Water Effect
Explanation
Going into this I had no idea how to write a water shader but once I started looking into it I learned that you can make pretty decent looking water by just layering on a few relatively simple effects. This shader consists of scrolling two normal maps at different rates, adding in Blinn-Phong lighting and fresnel shading, and running a grid-based finite-difference Laplacian simulation for the mouse-based ripples. I also added a skybox as the semi-transparent water against a black background looked a bit ugly, and then I had the idea to add skybox reflections which turned out to be surprisingly easy and really helped sell the effect.
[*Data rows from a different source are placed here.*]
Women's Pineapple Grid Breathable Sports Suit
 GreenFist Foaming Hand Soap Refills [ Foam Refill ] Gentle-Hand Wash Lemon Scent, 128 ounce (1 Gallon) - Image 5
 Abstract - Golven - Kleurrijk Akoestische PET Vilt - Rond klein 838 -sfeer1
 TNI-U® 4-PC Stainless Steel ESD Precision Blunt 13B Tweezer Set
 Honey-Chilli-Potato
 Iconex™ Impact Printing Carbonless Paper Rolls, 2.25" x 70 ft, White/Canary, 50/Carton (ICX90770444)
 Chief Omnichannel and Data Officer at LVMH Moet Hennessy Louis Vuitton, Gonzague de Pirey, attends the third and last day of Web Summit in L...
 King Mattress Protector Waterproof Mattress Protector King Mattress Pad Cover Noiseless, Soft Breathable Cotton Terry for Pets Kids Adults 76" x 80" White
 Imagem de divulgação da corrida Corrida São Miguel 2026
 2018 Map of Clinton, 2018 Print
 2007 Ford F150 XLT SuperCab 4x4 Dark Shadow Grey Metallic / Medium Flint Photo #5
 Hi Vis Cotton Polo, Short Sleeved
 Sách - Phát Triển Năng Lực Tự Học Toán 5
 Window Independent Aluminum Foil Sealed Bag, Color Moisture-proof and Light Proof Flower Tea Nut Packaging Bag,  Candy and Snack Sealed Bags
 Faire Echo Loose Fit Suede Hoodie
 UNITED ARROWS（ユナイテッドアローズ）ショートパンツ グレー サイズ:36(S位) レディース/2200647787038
The geometry itself doesn't actually change at all except for slight sine-based undulations.
To start with, I am scrolling two water normal maps at different rates and directions to give the appearance of an uneven rippled surface. A normal is sampled from each of these and the two are combined. This normal is then combined again with the normal sampled from the data texture for the ripple map. This is how I am creating the appearance of distortions on the water's surface without actually modifying the geometry at all. Then I am doing Blinn-Phong lighting followed by fresnel shading to make the water shine a bit and get the edges of the ripples to pop. This amounts to performing some more vector math with the previously computed normal vector, the camera vector and the world vector to compute color adjustments for the current fragment. After that comes the skybox reflection and refraction which involve sampling the skybox texture at a point computed from the normal vector, camera vector and world vector to compute more color adjustments which are blended with those computed previously to determine the final color of the fragment. It amazes me how many effects boil down to just some simple vector math. You can read more about fresnel shading as well as environmental reflections and refractions here.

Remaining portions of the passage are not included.